### Work request
Every line of the data below should be printed exactly.
☆ ☆ ☆ ☆ ☆
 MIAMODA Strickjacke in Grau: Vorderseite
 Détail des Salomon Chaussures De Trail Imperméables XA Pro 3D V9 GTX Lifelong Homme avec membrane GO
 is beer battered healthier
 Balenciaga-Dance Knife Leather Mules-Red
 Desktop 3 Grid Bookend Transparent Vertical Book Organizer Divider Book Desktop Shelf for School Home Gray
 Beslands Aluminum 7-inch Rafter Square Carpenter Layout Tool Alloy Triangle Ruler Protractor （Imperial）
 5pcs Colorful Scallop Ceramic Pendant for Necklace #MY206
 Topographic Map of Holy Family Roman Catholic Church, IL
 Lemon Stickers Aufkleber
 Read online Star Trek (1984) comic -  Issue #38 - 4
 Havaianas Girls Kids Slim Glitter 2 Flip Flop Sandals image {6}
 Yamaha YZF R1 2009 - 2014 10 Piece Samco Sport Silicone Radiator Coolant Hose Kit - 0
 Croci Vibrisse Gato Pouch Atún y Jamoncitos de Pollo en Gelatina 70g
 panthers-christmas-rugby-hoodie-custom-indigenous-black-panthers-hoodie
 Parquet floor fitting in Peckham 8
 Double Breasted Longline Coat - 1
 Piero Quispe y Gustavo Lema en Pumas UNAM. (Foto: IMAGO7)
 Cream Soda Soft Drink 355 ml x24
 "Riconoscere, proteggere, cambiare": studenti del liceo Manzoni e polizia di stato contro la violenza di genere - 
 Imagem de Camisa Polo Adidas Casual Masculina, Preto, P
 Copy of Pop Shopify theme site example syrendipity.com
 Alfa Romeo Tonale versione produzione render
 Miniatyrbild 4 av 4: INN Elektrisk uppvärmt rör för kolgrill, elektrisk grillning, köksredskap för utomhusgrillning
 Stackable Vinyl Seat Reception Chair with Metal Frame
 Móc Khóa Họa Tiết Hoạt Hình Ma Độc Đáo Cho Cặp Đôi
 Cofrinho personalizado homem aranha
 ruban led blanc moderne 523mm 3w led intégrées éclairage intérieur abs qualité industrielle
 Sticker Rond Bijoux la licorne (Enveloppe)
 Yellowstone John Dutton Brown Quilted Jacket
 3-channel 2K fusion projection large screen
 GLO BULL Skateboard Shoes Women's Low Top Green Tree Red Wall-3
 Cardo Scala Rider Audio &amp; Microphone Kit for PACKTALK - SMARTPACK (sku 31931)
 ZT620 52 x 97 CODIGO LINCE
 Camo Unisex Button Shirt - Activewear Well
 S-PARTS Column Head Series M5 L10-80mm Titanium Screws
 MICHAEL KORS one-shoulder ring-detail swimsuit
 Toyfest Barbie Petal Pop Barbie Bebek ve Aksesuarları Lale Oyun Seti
☆ ☆ ☆ ☆ ☆
### Problem solution
 MIAMODA Strickjacke in Grau: Vorderseite
 Détail des Salomon Chaussures De Trail Imperméables XA Pro 3D V9 GTX Lifelong Homme avec membrane GO
 is beer battered healthier
 Balenciaga-Dance Knife Leather Mules-Red
 Desktop 3 Grid Bookend Transparent Vertical Book Organizer Divider Book Desktop Shelf for School Home Gray
 Beslands Aluminum 7-inch Rafter Square Carpenter Layout Tool Alloy Triangle Ruler Protractor （Imperial）
 5pcs Colorful Scallop Ceramic Pendant for Necklace #MY206
 Topographic Map of Holy Family Roman Catholic Church, IL
 Lemon Stickers Aufkleber
 Read online Star Trek (1984) comic -  Issue #38 - 4
 Havaianas Girls Kids Slim Glitter 2 Flip Flop Sandals image {6}
 Yamaha YZF R1 2009 - 2014 10 Piece Samco Sport Silicone Radiator Coolant Hose Kit - 0
 Croci Vibrisse Gato Pouch Atún y Jamoncitos de Pollo en Gelatina 70g
 panthers-christmas-rugby-hoodie-custom-indigenous-black-panthers-hoodie
 Parquet floor fitting in Peckham 8
 Double Breasted Longline Coat - 1
 Piero Quispe y Gustavo Lema en Pumas UNAM. (Foto: IMAGO7)
 Cream Soda Soft Drink 355 ml x24
 "Riconoscere, proteggere, cambiare": studenti del liceo Manzoni e polizia di stato contro la violenza di genere - 
 Imagem de Camisa Polo Adidas Casual Masculina, Preto, P
 Copy of Pop Shopify theme site example syrendipity.com
 Alfa Romeo Tonale versione produzione render
 Miniatyrbild 4 av 4: INN Elektrisk uppvärmt rör för kolgrill, elektrisk grillning, köksredskap för utomhusgrillning
 Stackable Vinyl Seat Reception Chair with Metal Frame
 Móc Khóa Họa Tiết Hoạt Hình Ma Độc Đáo Cho Cặp Đôi
 Cofrinho personalizado homem aranha
 ruban led blanc moderne 523mm 3w led intégrées éclairage intérieur abs qualité industrielle
 Sticker Rond Bijoux la licorne (Enveloppe)
 Yellowstone John Dutton Brown Quilted Jacket
 3-channel 2K fusion projection large screen
 GLO BULL Skateboard Shoes Women's Low Top Green Tree Red Wall-3
 Cardo Scala Rider Audio &amp; Microphone Kit for PACKTALK - SMARTPACK (sku 31931)
 ZT620 52 x 97 CODIGO LINCE
 Camo Unisex Button Shirt - Activewear Well
 S-PARTS Column Head Series M5 L10-80mm Titanium Screws
 MICHAEL KORS one-shoulder ring-detail swimsuit
 Toyfest Barbie Petal Pop Barbie Bebek ve Aksesuarları Lale Oyun Seti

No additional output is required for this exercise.